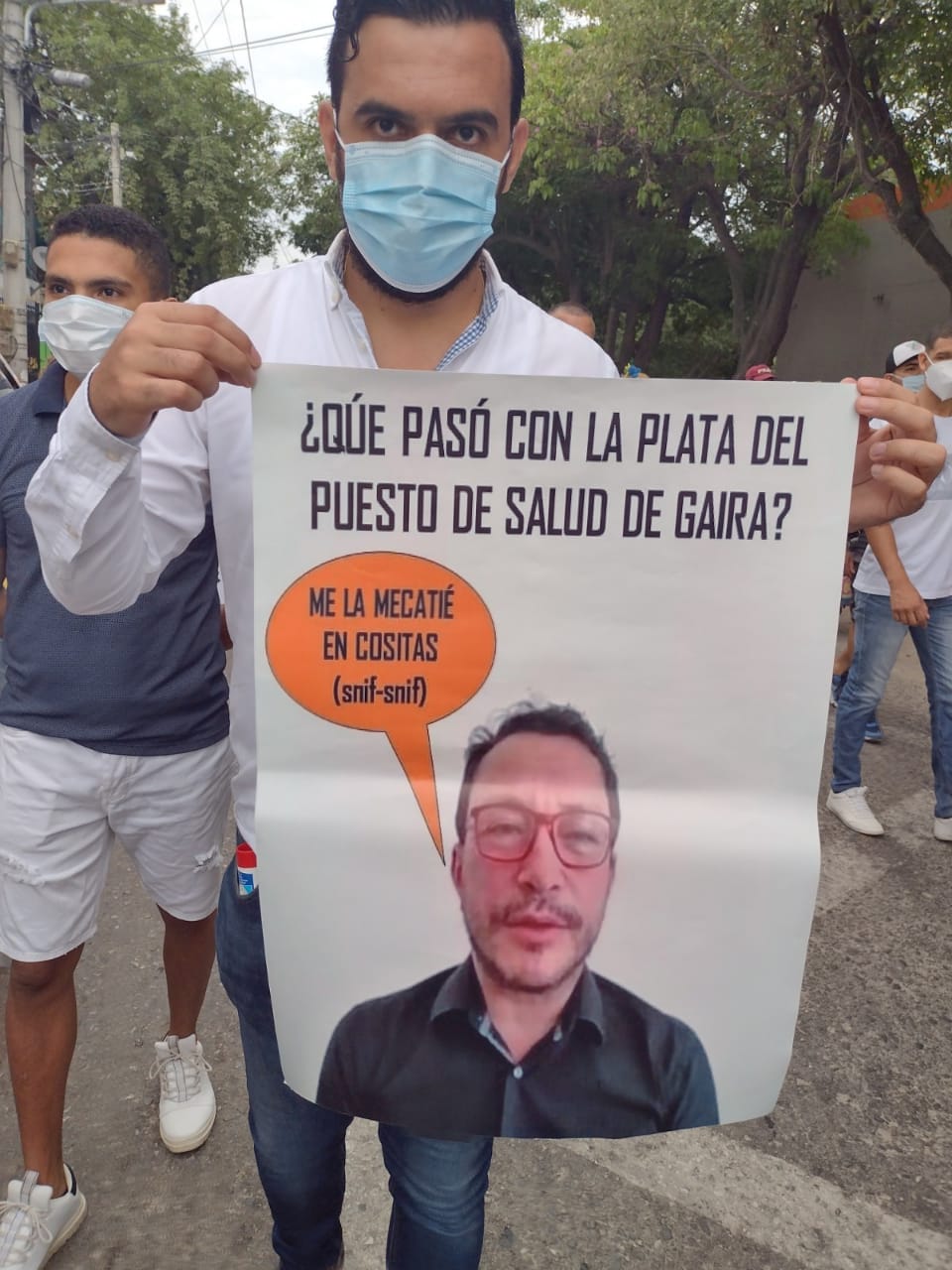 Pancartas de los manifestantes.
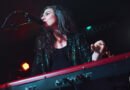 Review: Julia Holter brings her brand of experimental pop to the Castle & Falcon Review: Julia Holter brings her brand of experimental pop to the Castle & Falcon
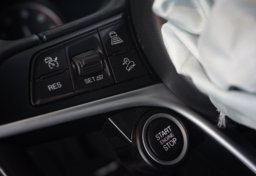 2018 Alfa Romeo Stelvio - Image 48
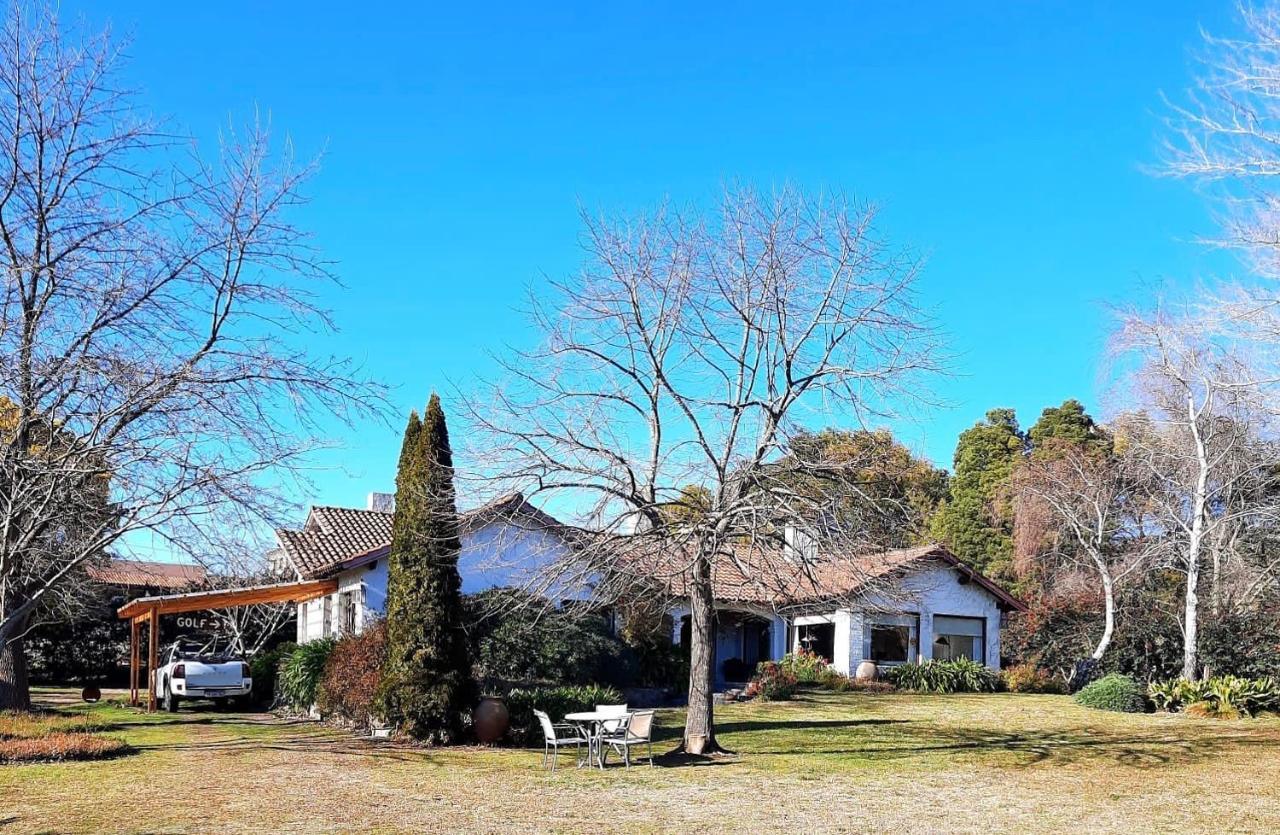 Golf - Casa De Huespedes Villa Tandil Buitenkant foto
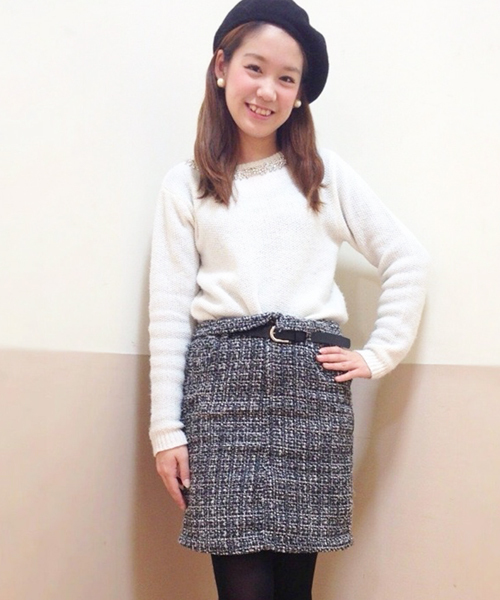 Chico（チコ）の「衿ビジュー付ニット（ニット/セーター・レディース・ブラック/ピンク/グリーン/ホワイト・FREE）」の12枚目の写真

::::::

Task: Take the lines from the one holding "2018 Alfa Romeo Stelvio - Image 48" through the final line of the records above and output them exactly, both ends included, excluding pictures.

Exercise solution:
 2018 Alfa Romeo Stelvio - Image 48
 Golf - Casa De Huespedes Villa Tandil Buitenkant foto
 Chico（チコ）の「衿ビジュー付ニット（ニット/セーター・レディース・ブラック/ピンク/グリーン/ホワイト・FREE）」の12枚目の写真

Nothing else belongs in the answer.